Jesus called the crowd to him and said to them, “Listen and understand: it is not what goes into the mouth that defiles a person, but it is what comes out of the mouth that defiles.” Then the disciples approached and said to him, “Do you know that the Pharisees took offense when they heard what you said?” He answered, “Every plant that my heavenly Father has not planted will be uprooted. Let them alone; they are blind guides of the blind. And if one blind person guides another, both will fall into a pit.” But Peter said to him, “Explain this parable to us.” Then he said, “Are you also still without understanding? Do you not see that whatever goes into the mouth enters the stomach, and goes out into the sewer? But what comes out of the mouth proceeds from the heart, and this is what defiles. For out of the heart come evil intentions, murder, adultery, fornication, theft, false witness, slander. These are what defile a person, but to eat with unwashed hands does not defile.”

Jesus left that place and went away to the district of Tyre and Sidon. Just then a Canaanite woman from that region came out and started shouting, “Have mercy on me, Lord, Son of David; my daughter is tormented by a demon.” But he did not answer her at all. And his disciples came and urged him, saying, “Send her away, for she keeps shouting after us.” He answered, “I was sent only to the lost sheep of the house of Israel.” But she came and knelt before him, saying, “Lord, help me.” He answered, “It is not fair to take the children’s food and throw it to the dogs.” She said, “Yes, Lord, yet even the dogs eat the crumbs that fall from their masters’ table.” Then Jesus answered her, “Woman, great is your faith! Let it be done for you as you wish.” And her daughter was healed instantly.
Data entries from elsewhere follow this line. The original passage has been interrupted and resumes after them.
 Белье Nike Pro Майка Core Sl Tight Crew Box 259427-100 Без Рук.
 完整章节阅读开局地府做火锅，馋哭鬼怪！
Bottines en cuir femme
There are certain passages you do not want to come up in the lectionary. But the lectionary, for good or bad, makes you confront them anyway. But like I have said with other passages from this pulpit, we are hearing this passage with 20 centuries of Christianity between us and them. We hear them with post-salvation ears, instead of the cultural, religious, and class-based ears of those who were with Jesus that day. I read this passage and at first glance, it appears Jesus is being what could be called racist. Or misogynist. Or religiously superior. 
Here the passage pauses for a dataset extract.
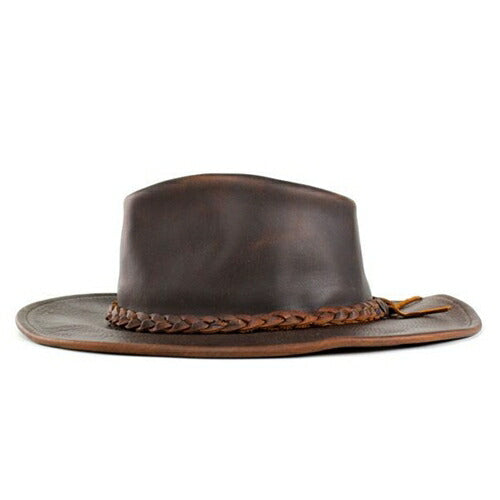 ヘンシェル テンガロンハット ブラウン | HENSCHEL Cowboy Hat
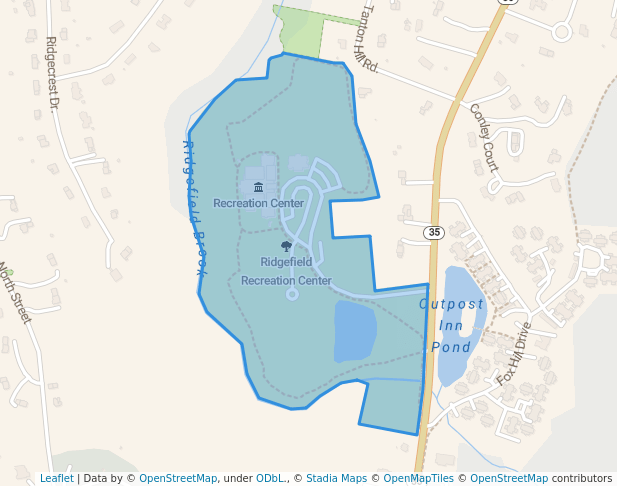 Ridgefield Recreation Center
But Jesus’ initial response was what his disciples would have expected, and to be honest, the woman in the story would have expected this as well. His response, if he bothered to give one, is exactly what he said at first.


Before we get too far, let us recognize the setting. Jesus was out of his normal area, wandering over to the Mediterranean town of Tyre, the Phoenician cities Tyre and Sidon being another culture, an unclean culture of the Greek and Roman Mediterranean world instead of the Jewish villages where he normally traveled and taught. While there, a woman recognized him and pestered and needled, begged and cajoled, pleaded and prayed until she got what she wanted. 


Now who amongst us would do anything for our kids? Raise your hands. I am amongst you as well. I would do anything for my kids, and if one of them were sick NOTHING would keep me from doing WHATEVER it took to save them. I would beg, borrow, and maybe even steal if that is what it took. And this woman broke the cultural and religious barriers that would normally keep her from having any interaction with Jesus. But those invisible, but very real, boundaries were not going to stop her. 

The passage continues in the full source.